Il tema delle classi sociali è al centro dell’indagine sociologica sin dalla sua nascita come impresa scientifica autonoma distinta dalle tradizionali analisi speculative. Analisi come quelle marxiane o weberiane hanno permesso di spiegare le logiche di stratificazione delle classi, i rapporti conflittuali o pacificati tra esse, o di comparare gradi di disuguaglianza.

È questo anche il tema centrale del libro di Paolo Perulli e Luciano Vettoretto che sin dal titolo – Neoplebe, Classe Creativa, Elite. La Nuova Italia – propone una tanto ambiziosa quanto inusuale tipologizzazione delle classi che compongono la struttura sociale italiana uscita dalla crisi del 2008. Già all’inizio del libro, nel sottolineare l’urgenza di tale tema, gli autori si riallacciano ai lavori di Sylos Labini sulle classi sociali e procedono poi a delineare le fonti empiriche da cui fanno infine emergere l’inedita proposta di classificazione.

È questa infatti piuttosto inconsueta per il lettore attento alla letteratura sociologica internazionale sulle classi sociali che già dalla fine anni Settanta ha ispirato un ricco dibattito teorico ed empirico che ha visto avvicendarsi, solo per citare le proposte forse più rilevanti, l’analisi di classe neo-marxista di Erik Olin Wright in USA, la proposta del britannico John Goldthorpe, la prospettiva culturalista del francese Pierre Bourdieu (l’unico autore usato, anche se episodicamente, dagli autori). Questi contributi hanno fornito spiegazioni di assoluta innovazione per l’identificazione dei meccanismi fondamentali di strutturazione e riproduzione delle disuguaglianze tra classi. Queste stesse prospettive, nelle loro diverse – e spesso anche antagonistiche – visioni d’intervento sulla società, hanno saputo proporre misure correttive, tanto di policy (come nella partecipazione di Bourdieu alla commissione di riflessione sull’educazione voluta dal socialista Mitterand), quanto di politics (come nel tentativo di Wright di identificare le nuove contraddizioni di classe nel capitalismo americano).
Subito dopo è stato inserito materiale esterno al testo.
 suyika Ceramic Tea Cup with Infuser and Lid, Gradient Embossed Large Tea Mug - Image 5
A sorpresa però, nella proposta di Perulli e Vettoretto, il lettore non trova una giustificazione alla mancata trattazione dei contributi di tali prospettive

La criticità di questa assenza si acquisisce nel momento in cui il libro estende l’inedita classificazione – élite, classe creativa, neoplebe – comparandola con le dinamiche di trenta Paesi appartenenti all’Unione Europea e all’European Free Trade Association. È alquanto inusuale nella letteratura contemporanea trovare indagini empiriche comparative su così larga scala.
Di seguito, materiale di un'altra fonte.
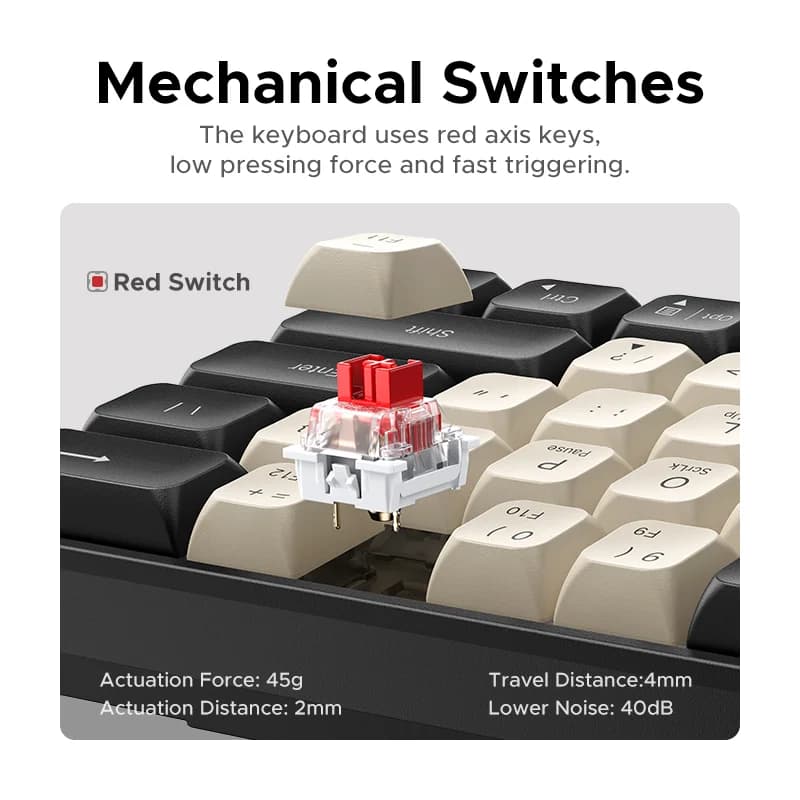 61-nøkkers mekanisk ledet tastatur med PBT-tastaturhetter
In ultima, gli scopi d’indagine empirica si collegano a domande, o meglio ad auspici, di connotazione più ‘politica’. È d’obbligo allora soffermarsi sulla pagina conclusiva dell’epilogo dove viene esposta la tesi forse centrale del libro. La cosiddetta ‘classe creativa’ che ad avviso degli autori «si limita a fare da grillo parlante sulle riviste e sul web, ma non assume un ruolo dirigente effettivo» dovrebbe scegliere di allearsi ad alcuni settori considerati chiave della cosiddetta ‘neoplebe’: «i giovani professionals della gig economy, i lavoratori delle industrie in via di robotizzazione, le donne che presidiano l’assistenza sociale e la sanità e la scuola». A quale fine? Secondo Perulli e Vettoretto «una nuova alleanza con questi strati porterebbe la classe creativa al governo della società».
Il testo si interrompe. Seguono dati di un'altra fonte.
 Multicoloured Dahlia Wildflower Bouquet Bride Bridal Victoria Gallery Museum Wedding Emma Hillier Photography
È questo un enunciato assai suggestivo ma che lascia il lettore privo dei riferimenti concettuali ed esplicativi in grado di dare concretezza a tale immagine con cui il libro purtroppo si conclude.

L’ampio dibattito contemporaneo tra sociologi stratificazionisti si è numerose volte soffermato sulle difficoltà di identificare criteri consensuali tanto nella definizione di classe sociale, nei criteri fondamentali di relazione tra le stesse, quanto nei meccanismi di riproduzione delle disuguaglianze da esse generate. A tale ostacolo spesso si è sommato quello delle storiche specificità nazionali, riscontrabile tanto nelle varietà dei percorsi di genesi della stratificazione sociale, quanto nelle forme di organizzazione politica che hanno cercato di dare rappresentanza alle stesse. 

Se sappiamo con Marx che la storia delle società è storia di lotte di classe, attraverso Bourdieu sappiamo che essa è anche storia di lotte per la classificazione. E così, per poter contribuire in forma cumulativa alla conoscenza scientifica di come individui e gruppi si riproducono e distinguono è necessario non solo osservare i processi di accumulazione e distribuzione di risorse materiali (ricchezza), simboliche (prestigio), e decisionali (potere), ma è altrettanto necessario spiegare le condizioni concrete che portano a fare scelte epistemologiche, a utilizzare lenti concettuali e teoriche in luogo di altre per definire tali processi empirici.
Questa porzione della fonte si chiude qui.